We are an island culture. So is Japan. We had a skilled workforce and excellent education systems. We were a safe Nation. We had excellent international air and shipping networks. The UK had Tier 1-4 suppliers. The UK was outward facing. We traded with the world for centuries. The UK had a better than even chance of attracting Japanese automakers to the UK. Perversely, the attitudes of the Latin-Med Nations would force Nissan, Honda and Toyota to jump over the EEC wall, but locate in the more welcoming north!
Take Rearsby
Our largest customer, ARG lumbered from crisis to crisis and had been contracting for decades. Its owner (UK Government) didn't like owning it. BL was characterized by lack-lustre models, uncompetitive quality and reliability, poor productivity, appallingly bad press linked to poor working practices and labour relations/union activity and continuous losses! Its trajectory was down. Probably down and out. How long? 10 years, 15, 20? We in 1982 were locked into this leviathan. As was our future. They were the example we had been ‘guided’ by! Only months before we were part of them. Very frightening.

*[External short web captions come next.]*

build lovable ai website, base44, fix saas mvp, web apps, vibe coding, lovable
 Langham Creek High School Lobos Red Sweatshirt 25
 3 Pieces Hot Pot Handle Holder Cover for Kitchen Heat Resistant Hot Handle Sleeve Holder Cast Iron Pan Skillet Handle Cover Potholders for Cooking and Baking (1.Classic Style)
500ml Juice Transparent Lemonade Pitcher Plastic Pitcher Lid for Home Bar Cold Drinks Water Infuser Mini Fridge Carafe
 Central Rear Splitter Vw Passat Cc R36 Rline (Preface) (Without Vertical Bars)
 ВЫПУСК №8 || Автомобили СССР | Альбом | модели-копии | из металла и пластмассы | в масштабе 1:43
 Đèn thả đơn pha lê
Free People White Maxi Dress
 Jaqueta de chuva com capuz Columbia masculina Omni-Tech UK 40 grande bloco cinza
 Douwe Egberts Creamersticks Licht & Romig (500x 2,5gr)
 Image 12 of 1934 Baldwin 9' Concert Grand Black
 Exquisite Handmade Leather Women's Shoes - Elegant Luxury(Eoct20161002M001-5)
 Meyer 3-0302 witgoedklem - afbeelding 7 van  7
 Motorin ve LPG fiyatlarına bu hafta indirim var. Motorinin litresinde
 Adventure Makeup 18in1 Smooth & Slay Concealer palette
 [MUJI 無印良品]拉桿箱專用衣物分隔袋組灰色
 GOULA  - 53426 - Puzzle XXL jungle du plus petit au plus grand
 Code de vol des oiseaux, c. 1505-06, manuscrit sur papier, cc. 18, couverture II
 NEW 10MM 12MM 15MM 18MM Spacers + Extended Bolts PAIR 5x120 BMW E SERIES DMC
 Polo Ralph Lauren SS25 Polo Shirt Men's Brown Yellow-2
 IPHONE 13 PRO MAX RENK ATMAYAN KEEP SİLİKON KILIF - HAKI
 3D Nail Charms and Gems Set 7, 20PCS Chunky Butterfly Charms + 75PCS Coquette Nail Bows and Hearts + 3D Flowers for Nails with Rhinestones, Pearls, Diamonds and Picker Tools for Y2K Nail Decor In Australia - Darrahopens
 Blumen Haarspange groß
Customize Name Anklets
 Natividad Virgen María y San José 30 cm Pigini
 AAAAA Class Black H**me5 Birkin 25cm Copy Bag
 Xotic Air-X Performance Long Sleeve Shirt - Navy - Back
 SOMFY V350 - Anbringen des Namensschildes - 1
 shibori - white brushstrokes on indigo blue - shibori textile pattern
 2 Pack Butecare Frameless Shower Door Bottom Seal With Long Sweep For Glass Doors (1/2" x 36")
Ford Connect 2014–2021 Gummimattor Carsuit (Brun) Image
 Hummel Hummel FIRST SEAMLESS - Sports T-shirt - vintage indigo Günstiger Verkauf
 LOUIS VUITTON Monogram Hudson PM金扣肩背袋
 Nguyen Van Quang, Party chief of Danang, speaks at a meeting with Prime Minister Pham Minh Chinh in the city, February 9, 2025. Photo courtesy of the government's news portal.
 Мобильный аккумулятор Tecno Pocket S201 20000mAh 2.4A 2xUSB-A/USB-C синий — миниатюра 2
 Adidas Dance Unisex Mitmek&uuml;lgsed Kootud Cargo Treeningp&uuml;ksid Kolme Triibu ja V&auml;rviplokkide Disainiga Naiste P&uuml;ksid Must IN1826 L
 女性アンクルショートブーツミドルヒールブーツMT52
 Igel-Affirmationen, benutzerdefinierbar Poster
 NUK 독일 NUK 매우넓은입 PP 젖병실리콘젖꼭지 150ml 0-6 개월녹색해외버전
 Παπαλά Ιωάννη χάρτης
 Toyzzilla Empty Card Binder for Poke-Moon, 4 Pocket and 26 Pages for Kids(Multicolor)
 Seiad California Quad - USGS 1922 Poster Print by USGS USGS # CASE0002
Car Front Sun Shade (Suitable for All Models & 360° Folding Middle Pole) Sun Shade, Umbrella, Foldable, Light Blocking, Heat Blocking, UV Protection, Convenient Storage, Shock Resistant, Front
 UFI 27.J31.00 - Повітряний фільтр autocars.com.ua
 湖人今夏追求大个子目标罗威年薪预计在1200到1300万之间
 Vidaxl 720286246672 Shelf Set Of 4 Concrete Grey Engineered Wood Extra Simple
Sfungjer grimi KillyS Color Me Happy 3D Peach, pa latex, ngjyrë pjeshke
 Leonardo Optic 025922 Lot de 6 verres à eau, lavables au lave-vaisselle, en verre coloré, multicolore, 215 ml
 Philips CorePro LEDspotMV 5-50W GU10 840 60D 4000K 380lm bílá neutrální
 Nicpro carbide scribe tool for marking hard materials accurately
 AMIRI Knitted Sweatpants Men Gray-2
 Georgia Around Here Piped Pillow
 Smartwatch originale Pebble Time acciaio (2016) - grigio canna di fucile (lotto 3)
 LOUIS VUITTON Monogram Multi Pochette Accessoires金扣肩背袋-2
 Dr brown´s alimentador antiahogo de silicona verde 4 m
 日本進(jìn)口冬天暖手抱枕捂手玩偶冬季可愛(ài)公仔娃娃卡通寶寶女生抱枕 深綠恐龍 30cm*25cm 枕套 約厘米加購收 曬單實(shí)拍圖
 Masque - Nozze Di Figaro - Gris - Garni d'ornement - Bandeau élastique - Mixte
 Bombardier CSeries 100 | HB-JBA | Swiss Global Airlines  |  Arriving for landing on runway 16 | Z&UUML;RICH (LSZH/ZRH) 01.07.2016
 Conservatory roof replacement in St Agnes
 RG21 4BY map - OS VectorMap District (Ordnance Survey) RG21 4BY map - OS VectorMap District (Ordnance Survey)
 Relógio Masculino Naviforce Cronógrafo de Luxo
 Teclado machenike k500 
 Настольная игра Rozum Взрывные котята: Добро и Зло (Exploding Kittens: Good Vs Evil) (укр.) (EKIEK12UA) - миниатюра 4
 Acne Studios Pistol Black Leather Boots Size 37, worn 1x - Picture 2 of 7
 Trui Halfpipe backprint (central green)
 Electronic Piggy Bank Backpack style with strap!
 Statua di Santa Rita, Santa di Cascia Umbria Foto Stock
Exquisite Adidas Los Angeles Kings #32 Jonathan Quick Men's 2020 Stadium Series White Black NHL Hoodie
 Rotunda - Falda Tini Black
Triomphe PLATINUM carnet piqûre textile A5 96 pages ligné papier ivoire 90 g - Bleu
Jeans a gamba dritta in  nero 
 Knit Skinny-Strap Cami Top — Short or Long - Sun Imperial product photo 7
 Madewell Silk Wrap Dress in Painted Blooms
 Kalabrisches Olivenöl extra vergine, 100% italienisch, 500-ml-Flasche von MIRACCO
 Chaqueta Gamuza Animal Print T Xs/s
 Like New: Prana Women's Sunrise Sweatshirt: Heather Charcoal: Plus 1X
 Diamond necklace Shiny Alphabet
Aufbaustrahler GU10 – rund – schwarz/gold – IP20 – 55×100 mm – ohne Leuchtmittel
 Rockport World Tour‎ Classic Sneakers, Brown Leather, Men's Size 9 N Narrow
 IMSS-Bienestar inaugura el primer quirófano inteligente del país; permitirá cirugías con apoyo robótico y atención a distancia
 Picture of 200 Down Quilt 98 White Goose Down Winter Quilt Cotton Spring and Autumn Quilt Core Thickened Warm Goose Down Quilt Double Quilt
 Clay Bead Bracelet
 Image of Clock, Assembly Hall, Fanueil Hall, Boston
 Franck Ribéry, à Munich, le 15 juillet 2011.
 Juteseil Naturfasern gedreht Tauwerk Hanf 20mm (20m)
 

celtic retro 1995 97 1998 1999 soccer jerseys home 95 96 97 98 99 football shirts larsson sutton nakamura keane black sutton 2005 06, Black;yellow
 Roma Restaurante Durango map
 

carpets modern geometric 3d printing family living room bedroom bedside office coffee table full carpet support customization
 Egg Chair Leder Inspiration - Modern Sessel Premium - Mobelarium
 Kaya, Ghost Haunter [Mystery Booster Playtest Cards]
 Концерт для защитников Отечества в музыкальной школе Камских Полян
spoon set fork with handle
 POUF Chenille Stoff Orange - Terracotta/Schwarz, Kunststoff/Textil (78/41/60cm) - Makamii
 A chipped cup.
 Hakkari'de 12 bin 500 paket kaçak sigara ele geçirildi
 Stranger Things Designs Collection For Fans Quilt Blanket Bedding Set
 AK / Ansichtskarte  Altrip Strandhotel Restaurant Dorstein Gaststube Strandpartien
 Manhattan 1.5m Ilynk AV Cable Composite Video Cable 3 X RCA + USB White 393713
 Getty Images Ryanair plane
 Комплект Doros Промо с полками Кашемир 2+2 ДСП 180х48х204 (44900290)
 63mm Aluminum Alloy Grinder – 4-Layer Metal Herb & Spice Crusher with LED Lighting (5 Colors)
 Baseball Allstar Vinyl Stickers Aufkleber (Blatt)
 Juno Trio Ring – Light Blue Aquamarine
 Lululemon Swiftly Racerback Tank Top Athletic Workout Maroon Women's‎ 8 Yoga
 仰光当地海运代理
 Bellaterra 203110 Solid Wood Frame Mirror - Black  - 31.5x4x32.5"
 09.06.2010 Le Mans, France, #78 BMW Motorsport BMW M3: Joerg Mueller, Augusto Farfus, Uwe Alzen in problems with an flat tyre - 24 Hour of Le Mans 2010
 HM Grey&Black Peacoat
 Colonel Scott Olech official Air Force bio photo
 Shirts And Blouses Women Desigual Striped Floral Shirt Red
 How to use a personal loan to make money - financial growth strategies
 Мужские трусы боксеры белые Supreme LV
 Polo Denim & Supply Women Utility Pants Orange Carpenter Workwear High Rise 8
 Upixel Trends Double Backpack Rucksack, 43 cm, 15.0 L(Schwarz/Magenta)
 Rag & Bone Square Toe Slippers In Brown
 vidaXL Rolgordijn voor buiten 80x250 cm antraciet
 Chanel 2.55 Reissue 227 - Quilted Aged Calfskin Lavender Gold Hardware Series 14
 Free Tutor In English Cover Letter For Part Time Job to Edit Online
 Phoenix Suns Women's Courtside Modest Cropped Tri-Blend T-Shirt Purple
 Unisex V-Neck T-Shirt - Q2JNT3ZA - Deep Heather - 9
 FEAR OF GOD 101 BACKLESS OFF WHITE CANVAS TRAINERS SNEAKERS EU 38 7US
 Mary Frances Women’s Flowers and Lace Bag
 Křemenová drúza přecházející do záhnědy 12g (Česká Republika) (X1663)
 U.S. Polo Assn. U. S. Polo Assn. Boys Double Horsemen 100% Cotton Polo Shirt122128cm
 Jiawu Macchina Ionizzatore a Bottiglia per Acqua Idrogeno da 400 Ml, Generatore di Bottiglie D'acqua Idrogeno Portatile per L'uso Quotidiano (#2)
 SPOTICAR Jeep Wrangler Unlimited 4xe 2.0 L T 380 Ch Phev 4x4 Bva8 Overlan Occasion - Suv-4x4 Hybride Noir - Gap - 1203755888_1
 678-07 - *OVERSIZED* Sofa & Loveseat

There was an alternative. Secure business with the world's best automakers. By common consent and by any measure, they were undoubtedly; Nissan, Honda and Toyota.
They would either drag us kicking and screaming to world-class levels of performance. Or, they would put us out of business.
I was up for that challenge. Absolutely.
That is what I set out to do. I needed to convince the board. Then, the workforce. The future will be tough. But it would be exciting and bright!
Weeks later, when I worked out my thinking was not a pipe dream but a distinct possibility, indeed likely probability. With the support of my board, I delivered a presentation to all at Rearsby.
I announced we were going into a tough new future. I was sure the Japanese would locate in Europe. I was hopeful some, or all, would locate in the UK. By any measure they were world's best automakers. In January I had had a glimpse into the future.
They were the future, our future.But... we were going to ‘beaten up’ on this journey. We were in for a 1.split-lip, 2.black eye, 3.cauliflower ear and 4.a broken nose!!
I knew what three were. Quality, Cost, Delivery. At a different level, precision and intensity we were not accustomed to. The fourth, I had not yet figured, but there is something they do we don't. We will find out along our journey and we did.